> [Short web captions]
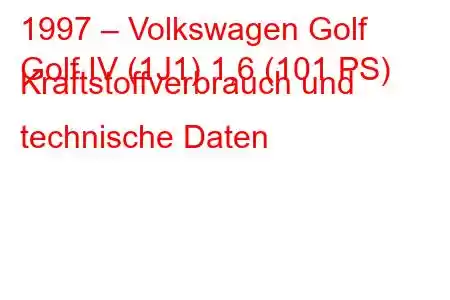 1997 – Volkswagen Golf
Golf IV (1J1) 1,6 (101 PS) Kraftstoffverbrauch und technische Daten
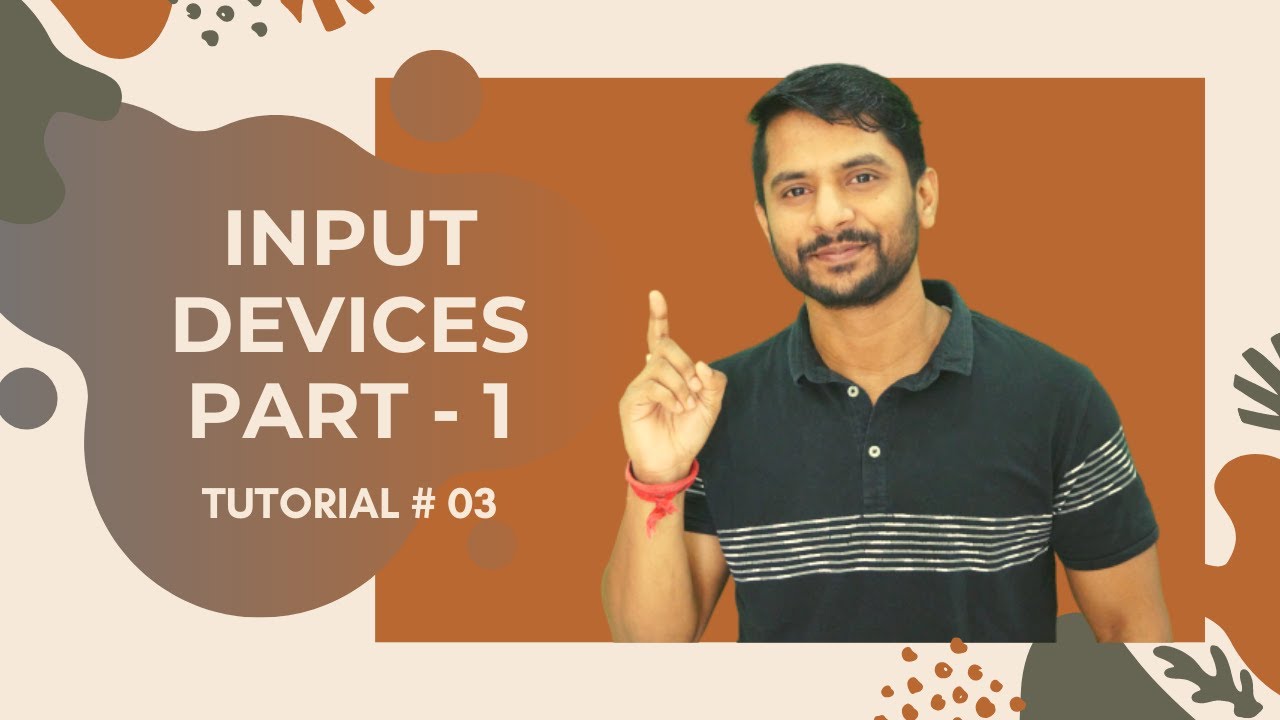 What is Input Device | Types of Input Devices | Part 1 | In Hindi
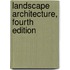 Landscape Architecture, Fourth Edition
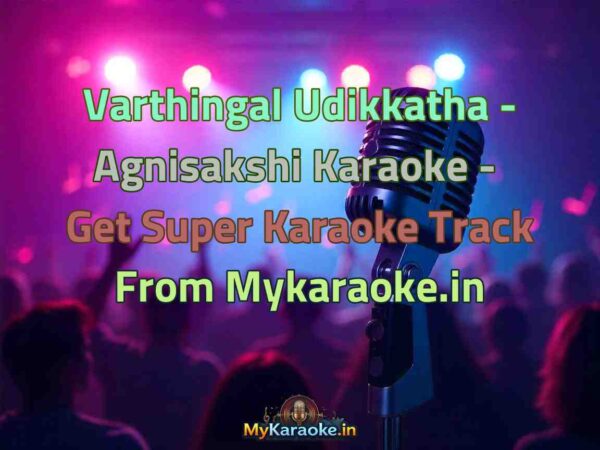 Varthingal Udikkatha - Agnisakshi  Karaoke - Get Super Karaoke Track from Mykaraoke.in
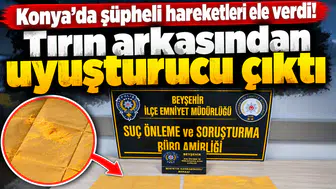 Konya’da şüpheli hareketleri ele verdi! Tırın arkasından uyuşturucu çıktı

> [What the exercise asks]
Begin at the line containing "What is Input" and stop at the last line of the data. Repeat only those lines, exactly, and leave out the pictures.

> [Reply]
 What is Input Device | Types of Input Devices | Part 1 | In Hindi
 Landscape Architecture, Fourth Edition
 Varthingal Udikkatha - Agnisakshi  Karaoke - Get Super Karaoke Track from Mykaraoke.in
 Konya’da şüpheli hareketleri ele verdi! Tırın arkasından uyuşturucu çıktı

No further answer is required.